If you cross a VOR and are assigned a radial that is not the reciprocal of the inbound radial, you will usually overshoot the new radial as you pass through the cone of confusion. Once you get a strong "from" indication, execute the following: turn, time, twist in that order. Turn means turn the aircraft to the same magnetic direction of the radial, time means set/reset a timer if appropriate for your navigation, and twist means turning the OBS dial to the new radial. The CDI will not likely be centered because you overshot the VOR in order to get a strong "from" indication. If this happens use recipe 2 to intercept the desire radial.

Beginner warning: The CDI indicates an angular error. Adjacent radials are very close to each other when you are close to the VOR ground station. Use small intercepts when crossing a VOR and intercepting the new radial.

Wednesday, September 8, 2010

Aircraft Meteorological Data Reports

For the eyes of aviators only, others enter here at your own risk :-) ....AMDAR (Aircraft Meteorological Data Reports) is really neat. Some airlines participate in putting a small data gathering device on their aircraft. As the aircraft ascends/descends, a broadcast wind direction, gusts, temperature and more (http://amdar.noaa.gov/FAQ.html gives detail) is sent to a data gathering agency. One of the more important factors transmitted is moisture content. Currently, around 140,000 samples are collected/day. This means wx folks and aviators have access to almost real time radiosonde-like sounding data. One example using this data can be found at http://rucsoundings.noaa.gov/. "RUC" stands for rapid update cycle. If you are not familiar with the display format, take the Texas A & M tutorial (link on bottom of rucsoundings page). The format is a log-p skew-t graph, something that weather experts have been using for years. However, the Java version of this graph allows you to get dew points, temperatures, wind velocity and direction, etc. in the atmosphere over the airport you selected and up to about FL400. You can also lift a hypothetical air parcel to see if it is stable or results in bad things. It's easy to find freezing levels, saturation altitudes (where clouds are liable to form, etc.). Nice stuff for aviators. Even if you only use it in a basic way.

Friday, April 23, 2010

Audio in the Cockpit

I have aways had trouble with recognizing expired timers in the cockpit. Timed approaches, arghhhhh.

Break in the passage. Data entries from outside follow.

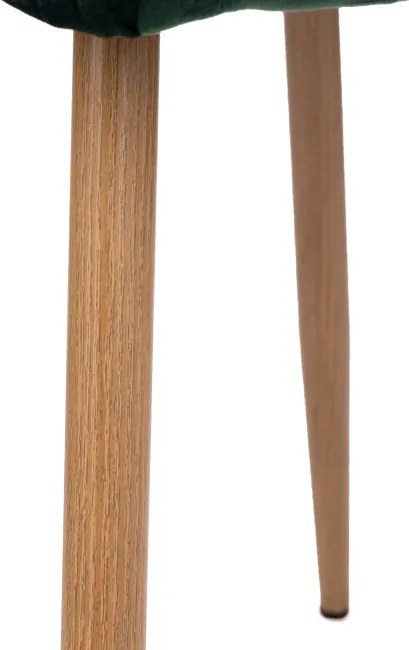 Jedálenská stolička MONTANA zamatová, tmavozelená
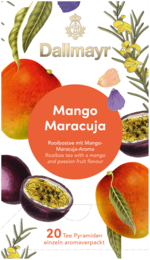 Dallmayr Infusion rooibos aromatisée mangue/fruit de la passion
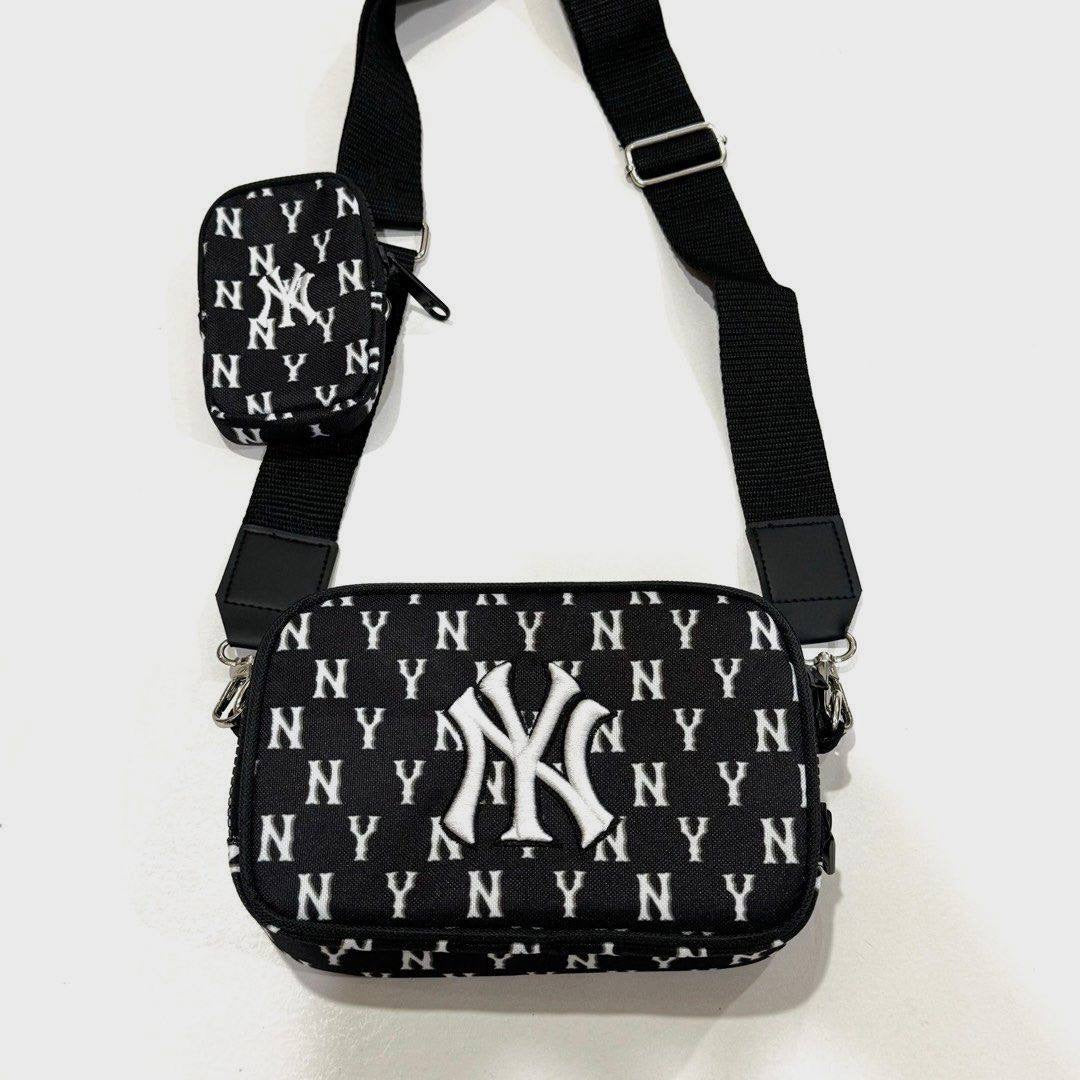 MLB SLING BAG (SMALL SIZE) BLACK | WHITE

I have often wondered why we don't see more integration with timers and audio in the cockpit. Just think about that ILS and the audio (male or female) saying your timer has just expired.

Or how about "time to switch tanks honey" (voice is opposite sex, of course!). Just think about how many tank switches you have screwed up as a pilot (I cannot count). It's not easy to remember to look at the clock which is often located out of the main viewing area of the pilot. Even a yoke mounted kitchen timer doesn't work in a noisy cockpit unless it has a light and it is night time. There has to be a better way!

Modern FMSs have a timer feature, but even then, an expiration message shows up as a visual somewhere you are guaranteed to not be looking when it occurs.

Yes, there are some technical issues like how to handle a coinciding call from ATC, but I am sure that there are solutions. Audio stream mixing at this point would be good. Perhaps one timer's audio can be "critical" and used in situations like timed approaches. Critical time expiration messages would be mixed with ATC voice, perhaps a few "TIMER! TIMER!" shouts or something like that. All other expiration messages can perhaps be deferred until after ATC finishes their voice transmission. A tank switch would be in this category. In other words, non-critical times are deferred in the event of a collision with incoming ATC messages and a critical time expiration message is mixed with the ATC input.

It's about time we quit missing time expiration messages and audio seems like the best way to solve this problem.